Entry Cache Improvements
Why Entry Cache?
Cache challenges
To Do
Possible Improvements:
- Slapi_Entry
  - Child Structures
  - slapi_entry_dup()

Entry Cache Improvements

Why Entry Cache?

We have a different disk storage of entries compared to memory reperesentation. Effecient and reliable disk storage is different to our an effective in memory format. This also allows us to change the in memory format without affecting on disk content.

The trade however is that we must perform CPU work to convert between the disk and memory formats on loads and writes. During writes, which is a smaller part of our work load, this is not a major concern, but with high concurrent read numbers, this can be very intensive.
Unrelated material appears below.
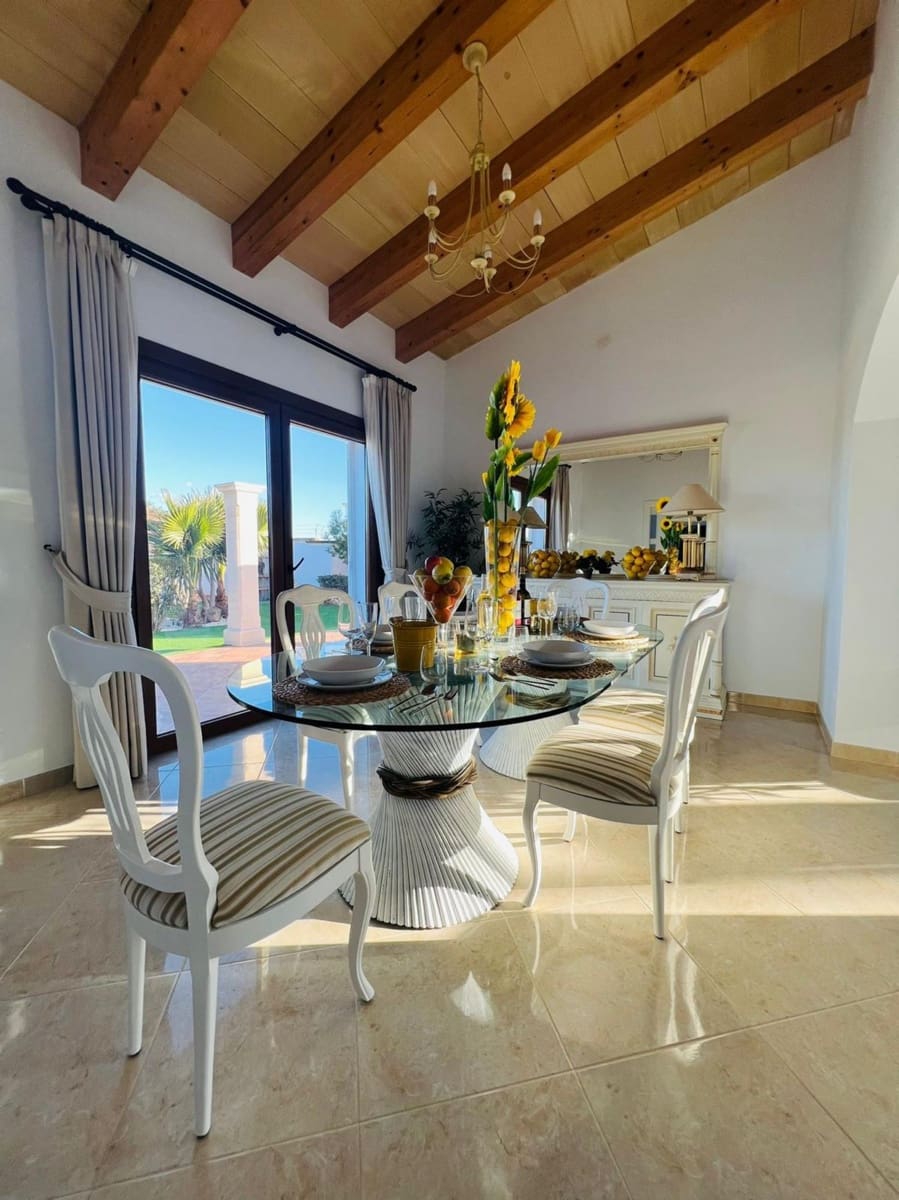 6 slaapkamer Villa te koop in Palma de Mallorca met zwembad garage - € 2.500.000 (Ref: 9618637)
This is why we cache the deserialised entries into ram.

More than than, by having an entry cache, we are able to control where and how our data is cached, where as relying on DB cache, we don’t have control of this, and worse, relying on the VFS when a system comes under memory pressure, VFS pages will be evicted earlier than application memory. Additionally, the VFS is an LRU which has a number of issues with invalidation patterns. Systems like LMDB which rely on the VFS as a cache are design for effective disk to VFS transfer, but not effective CPU cache operations and alignments (which is more important in a concurrent system).

To this end, having an entry cache allows us to control and improve this in our application.

Cache challenges

As our system is concurrently readable (many parallel readers and a single seralised writer), there has been no previous work on caches for this kind of system, meaning that some consistency guarantees may not have been met by previous designs.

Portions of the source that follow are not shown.